Woodside is also continuing negotiations with the East Timor government over using floating technology at its delayed Sunrise project.
The company’s retreat from developing the Leviathan project off Israel and buy-back of most of Shell’s majority stake in the company have provided it with additional development opportunities, although chief executive Peter Coleman said last week it had not narrowed down on any particular development.
ConocoPhillips, which is considering developing a project in the Poseidon field within the Browse Basin, told the inquiry Australia’s high costs when compared globally made it less attractive for future projects developed in the conventional way.
The project received renewed attention earlier this month when Origin Energy agreed to spend $864 million to buy Karoon Gas’s 40 per cent stake in Poseidon.
Neither Woodside nor Chevron have committed to expansion plans for the Pluto and Gorgon projects, with Woodside saying it was not in active discussions about building a second train at Pluto.
While largely critical of the potential negative effect of FLNG on the state’s economy, the report also found the technology presented opportunities for new skilled local labour, in particular in the ancillary and service sectors.
Expertise
University of Western Australia professor at the Centre for Offshore Foundation Systems, Susan Gourvenec, said FLNG projects would provide local job opportunities off the back of expertise that had arisen from experience with the North West Shelf Venture.

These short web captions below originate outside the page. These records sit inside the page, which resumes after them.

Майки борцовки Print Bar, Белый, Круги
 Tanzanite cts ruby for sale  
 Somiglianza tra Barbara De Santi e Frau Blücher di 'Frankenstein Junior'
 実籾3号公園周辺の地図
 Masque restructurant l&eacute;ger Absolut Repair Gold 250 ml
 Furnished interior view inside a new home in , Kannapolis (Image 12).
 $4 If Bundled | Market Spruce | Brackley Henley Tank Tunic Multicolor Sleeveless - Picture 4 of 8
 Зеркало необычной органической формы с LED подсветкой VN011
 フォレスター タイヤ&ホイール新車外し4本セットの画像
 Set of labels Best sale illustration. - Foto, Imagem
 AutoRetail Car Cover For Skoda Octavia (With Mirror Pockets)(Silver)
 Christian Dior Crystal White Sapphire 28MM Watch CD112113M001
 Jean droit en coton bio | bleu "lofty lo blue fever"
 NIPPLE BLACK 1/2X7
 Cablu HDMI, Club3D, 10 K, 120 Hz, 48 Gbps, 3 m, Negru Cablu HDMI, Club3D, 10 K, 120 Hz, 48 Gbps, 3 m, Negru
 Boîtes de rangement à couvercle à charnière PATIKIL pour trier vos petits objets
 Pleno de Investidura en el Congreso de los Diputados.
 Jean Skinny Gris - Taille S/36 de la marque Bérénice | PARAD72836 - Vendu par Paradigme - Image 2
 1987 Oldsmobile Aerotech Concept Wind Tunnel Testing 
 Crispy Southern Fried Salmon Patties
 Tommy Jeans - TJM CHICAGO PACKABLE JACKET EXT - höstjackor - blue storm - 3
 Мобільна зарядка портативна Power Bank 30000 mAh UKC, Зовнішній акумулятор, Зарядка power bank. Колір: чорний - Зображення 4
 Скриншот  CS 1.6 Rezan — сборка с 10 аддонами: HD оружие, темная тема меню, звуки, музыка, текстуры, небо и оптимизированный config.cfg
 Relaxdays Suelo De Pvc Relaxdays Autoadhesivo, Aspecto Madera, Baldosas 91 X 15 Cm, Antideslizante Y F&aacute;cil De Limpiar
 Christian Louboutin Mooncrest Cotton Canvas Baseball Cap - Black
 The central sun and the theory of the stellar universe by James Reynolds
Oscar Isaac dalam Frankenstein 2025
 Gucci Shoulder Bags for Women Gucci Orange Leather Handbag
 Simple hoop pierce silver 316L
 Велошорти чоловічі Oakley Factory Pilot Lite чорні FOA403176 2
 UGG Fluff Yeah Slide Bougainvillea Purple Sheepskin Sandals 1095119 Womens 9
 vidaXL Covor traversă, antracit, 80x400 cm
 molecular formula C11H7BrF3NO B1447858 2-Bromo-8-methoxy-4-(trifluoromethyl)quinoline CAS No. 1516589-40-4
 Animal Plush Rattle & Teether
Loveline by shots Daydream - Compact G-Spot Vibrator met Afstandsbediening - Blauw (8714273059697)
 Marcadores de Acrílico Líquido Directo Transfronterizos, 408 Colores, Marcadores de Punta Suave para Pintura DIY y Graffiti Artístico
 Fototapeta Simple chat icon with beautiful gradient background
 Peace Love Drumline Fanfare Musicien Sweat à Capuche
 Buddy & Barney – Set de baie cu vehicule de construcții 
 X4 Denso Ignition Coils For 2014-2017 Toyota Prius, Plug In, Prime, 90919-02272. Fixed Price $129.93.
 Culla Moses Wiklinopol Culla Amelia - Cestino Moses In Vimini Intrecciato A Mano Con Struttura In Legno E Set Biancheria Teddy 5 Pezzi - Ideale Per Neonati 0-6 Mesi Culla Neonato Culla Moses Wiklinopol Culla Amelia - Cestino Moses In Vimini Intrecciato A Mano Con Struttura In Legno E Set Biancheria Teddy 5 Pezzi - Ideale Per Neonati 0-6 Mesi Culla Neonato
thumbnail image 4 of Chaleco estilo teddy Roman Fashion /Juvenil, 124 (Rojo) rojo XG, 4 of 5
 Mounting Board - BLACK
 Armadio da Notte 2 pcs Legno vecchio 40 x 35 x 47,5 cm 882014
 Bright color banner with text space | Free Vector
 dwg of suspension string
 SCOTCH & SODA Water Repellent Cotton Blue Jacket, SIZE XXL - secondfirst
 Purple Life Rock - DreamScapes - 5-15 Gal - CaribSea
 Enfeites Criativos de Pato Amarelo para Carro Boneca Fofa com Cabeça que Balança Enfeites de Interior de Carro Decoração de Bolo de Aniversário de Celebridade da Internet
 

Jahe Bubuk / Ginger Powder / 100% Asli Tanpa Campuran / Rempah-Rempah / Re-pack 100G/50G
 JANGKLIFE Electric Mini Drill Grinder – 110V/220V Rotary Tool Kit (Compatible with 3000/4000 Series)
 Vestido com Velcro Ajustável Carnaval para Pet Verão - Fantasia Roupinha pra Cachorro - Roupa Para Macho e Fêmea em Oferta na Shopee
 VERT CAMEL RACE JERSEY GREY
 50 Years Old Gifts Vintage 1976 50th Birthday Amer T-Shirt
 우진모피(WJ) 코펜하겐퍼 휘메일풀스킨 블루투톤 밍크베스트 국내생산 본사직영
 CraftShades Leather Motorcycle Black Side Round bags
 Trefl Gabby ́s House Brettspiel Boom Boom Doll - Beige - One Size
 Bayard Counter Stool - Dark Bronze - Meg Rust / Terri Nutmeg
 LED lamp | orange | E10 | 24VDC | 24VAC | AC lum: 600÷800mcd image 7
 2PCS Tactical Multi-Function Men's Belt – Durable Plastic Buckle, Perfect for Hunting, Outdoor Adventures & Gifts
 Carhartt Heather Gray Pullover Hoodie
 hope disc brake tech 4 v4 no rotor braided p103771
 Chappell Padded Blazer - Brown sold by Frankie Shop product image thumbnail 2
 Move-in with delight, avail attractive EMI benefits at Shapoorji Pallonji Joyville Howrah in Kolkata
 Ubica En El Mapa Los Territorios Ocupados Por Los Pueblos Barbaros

“Most of the geotechnical design methods employed in developments offshore Australia, and globally where carbonate seabeds are prevalent, have been developed in Western Australia,” Professor Gourvenec said.
She said as projects moved into deeper waters, engineers in WA were working out how to lay big infrastructure on very soft seabed soils that had the “strength of toothpaste”.
“Seabed engineering is a great example of where government and industry identified the need for investment in research, which led to the development of Western Australia as a go-to centre of excellence in seabed engineering,” Professor Gourvenec said.
“There’s no reason why the same template of investment in research cannot be applied to other emerging engineering challenges in the offshore energy sector.”